Faith is not a series of ideas. It is act of the self responding to and receiving the Self of the revealing Christ within. It is the “intellegere” of the real as “reading the real” ab intus “from within” the self.
This is what I take to be the meaning of Justin’s discovery of Christianity as the faith-experience of being and the real. Hence, without this faith experience, reason cannot be fully reason since reason is not fully exposed to the real when exposed only to sense perception. The beginning of the exodus from the self that is Christian faith certainly involves sense experience, but it is only when that experience has become acceptance and response of the “I” to the revealing God in this man Jesus Christ that being becomes writ large as “I,” and now becomes a true consideration of being as being.

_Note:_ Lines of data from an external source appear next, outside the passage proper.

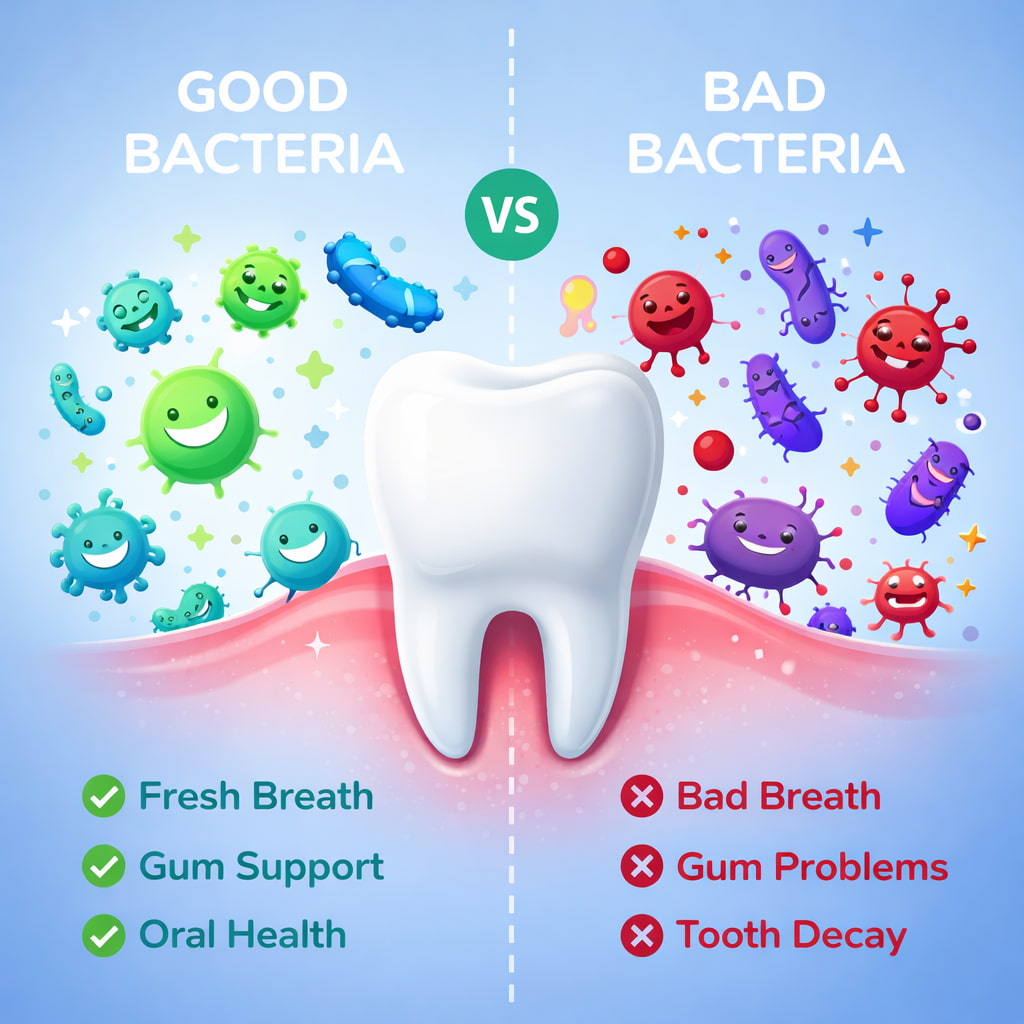 Dentolyn review oral microbiome good vs bad bacteria dental health fresh breath gum support illustration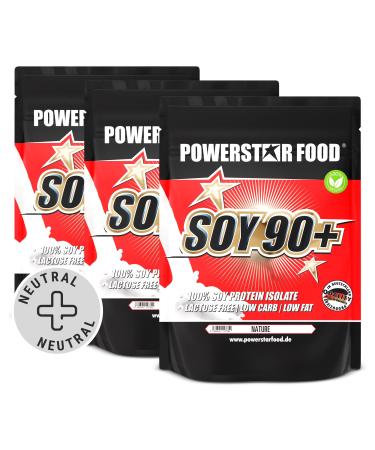 Powerstar Soy 90+ |3kg soy protein isolate without sweetener & without aroma |Made in Germany |Genetic engineering unchanged |Protein powder with 93% protein i.tr.|Vegan & Lactose -free |Nature Nature 1 kg (3 pack)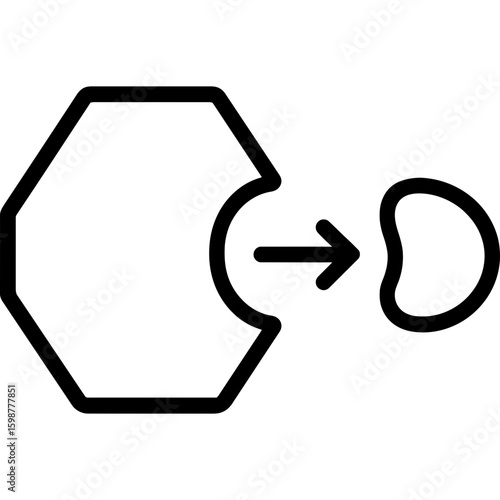 Enzyme reaction outline icon vector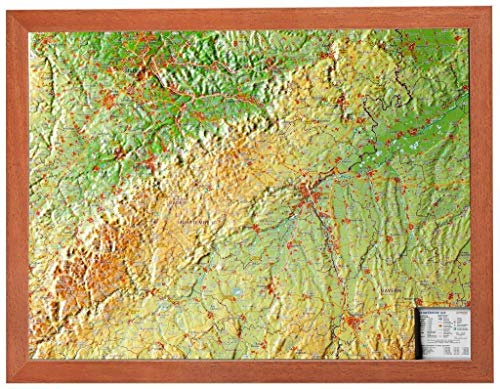 Relief Schwäbische Alb mit Rahmen (1:430.000): Tiefgezogenes Kunststoffrelief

Ratzinger has called this consideration “theological epistemology” and develops it in his “Third Thesis” of “Behold the Pierced One.” There he explains that, since like is known by like, only one can know the Person of Christ when one begins to pray since the Person of Christ as pure relation to the Father is prayer. Prayer as the first act of faith becomes the key to doing a true ontology of being.
Benedict XVI’s Remarks on St. Justin in 2007:
Justin, and with him other apologists, adopted the clear stance taken by the Christian faith for the God of the philosophers against the false gods of the pagan religion.
It was the choice of the truth of being against the myth of custom. Several decades after Justin, Tertullian defined the same option of Christians with a lapidary sentence that still applies: "Dominus poster Christus veritatem se, non consuetudinem, cognominavit — Christ has said that he is truth not fashion" (De Virgin. Vel. 1, 1).
It should be noted in this regard that the term consuetudo, used here by Tertullian in reference to the pagan religion, can be translated into modern languages with the expressions: "cultural fashion", "current fads".
In a time like ours, marked by relativism in the discussion on values and on religion — as well as in interreligious dialogue — this is a lesson that should not be forgotten.